Es geht immer um die prestigeträchtigen ICE-Strecken und andere Großprojekte, die für absurd viel Geld gebaut werden – und dem Bahnverkehr kaum etwas nützen. Im Nah- und Regionalverkehr fahren viel mehr Menschen, doch da wird sträflich wenig getan.

Was sollte die Bundesregierung aus Ihrer Sicht konkret tun?

Sie könnte, nein, sie muss diese Auslandseinsätze der Bahn sofort beenden und sich von den ganzen Prestigebauten wie etwa Stuttgart 21 verabschieden. Außerdem müsste sie die komplette Führungsspitze gegen kompetente Leute austauschen. Und auch ein Bundesverkehrsminister sollte Ahnung von und Interesse an der Bahn haben – das wäre fast eine Revolution.

Sie haben die Schweiz als Vorbild erwähnt, was läuft dort besser?

Nahezu alles. Die Schweizer sind auf ihre Züge so stolz wie die Deutschen auf ihre Autos. Die Züge dort sind wie auch in Österreich sauber, und pünktlich, sie fahren im Taktverkehr. Man könnte also von diesen Ländern lernen. Aber man will nicht. Für mich stellt sich die Frage: Warum hat man im Autoland Deutschland jahrzehntelang Automanager, also Konkurrenten zur Bahn, an die Bahnspitze gebracht?
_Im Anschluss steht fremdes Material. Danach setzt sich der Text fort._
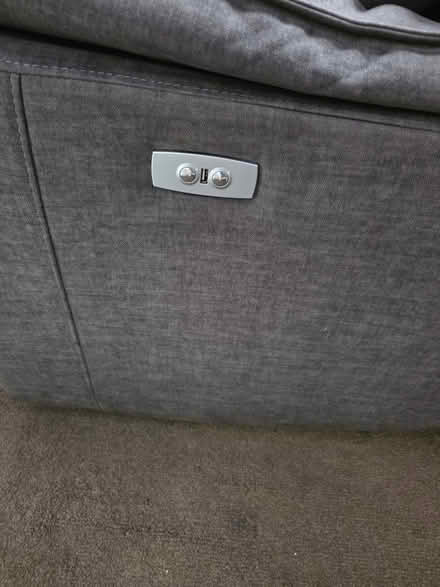 Photo of free 3.seater recliner (Chapel allerton LS7) #3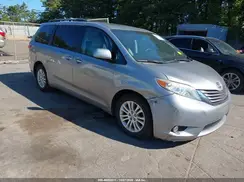 5TDYZ3DC9HS851589 2017 TOYOTA SIENNA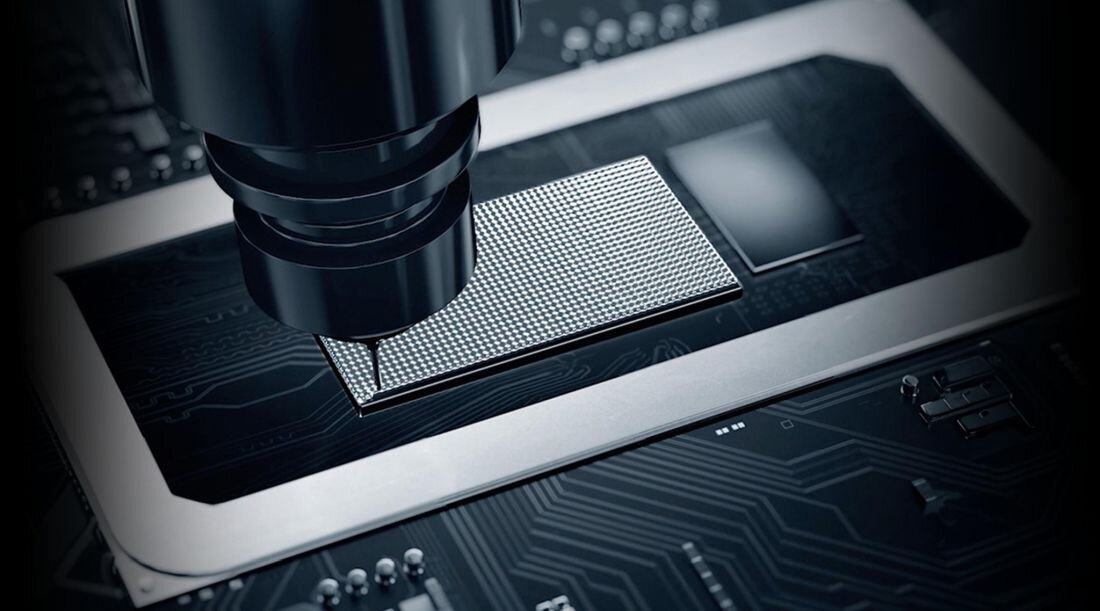 Zbliżenie na proces nakładania pasty termoprzewodzącej na procesor laptopa ACER Nitro, przedstawiające precyzyjną aplikację dla efektywnego chłodzenia, optymalizacji wydajności procesora i lepszego odprowadzania ciepła w laptopach gamingowych - Pasta termoprzewodząca z ciekłego metalu 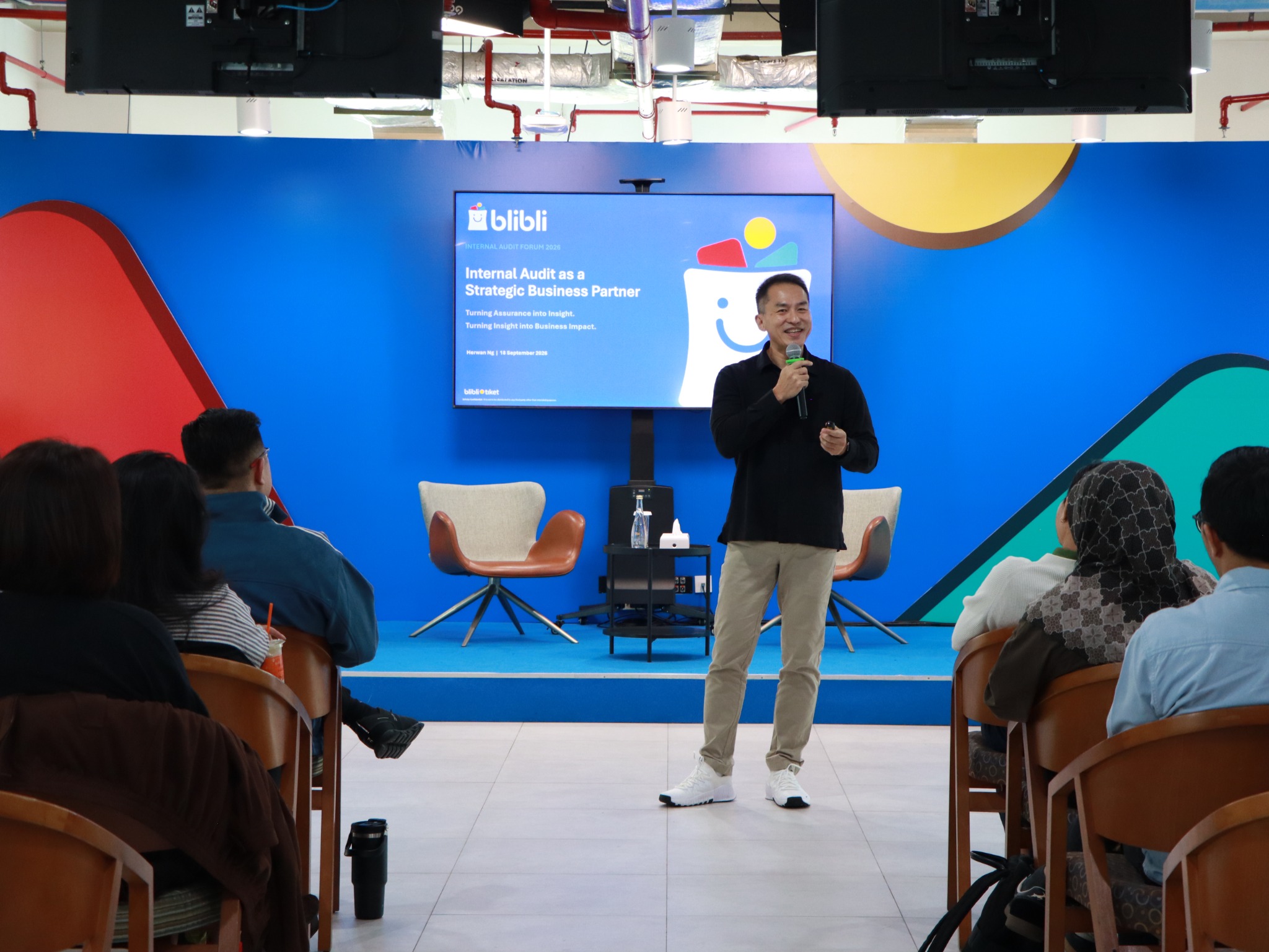 Herwan Ng presenting on Internal Audit as Strategic Business Partner at Blibli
Und nie einen Profi aus der Schweiz, der wirklich weiß, wie man Züge fahren lässt.

Über den Experten: Arno Luik war unter anderem Chefredakteur der "taz", stellvertretender Chef der "Abendzeitung" in München und schrieb viele Jahre für den "Stern". 2021 erschien eine aktualisierte Taschenbuchausgabe seines Werks "Schaden in der Oberleitung. Das geplante Desaster der Deutschen Bahn" im Westend Verlag.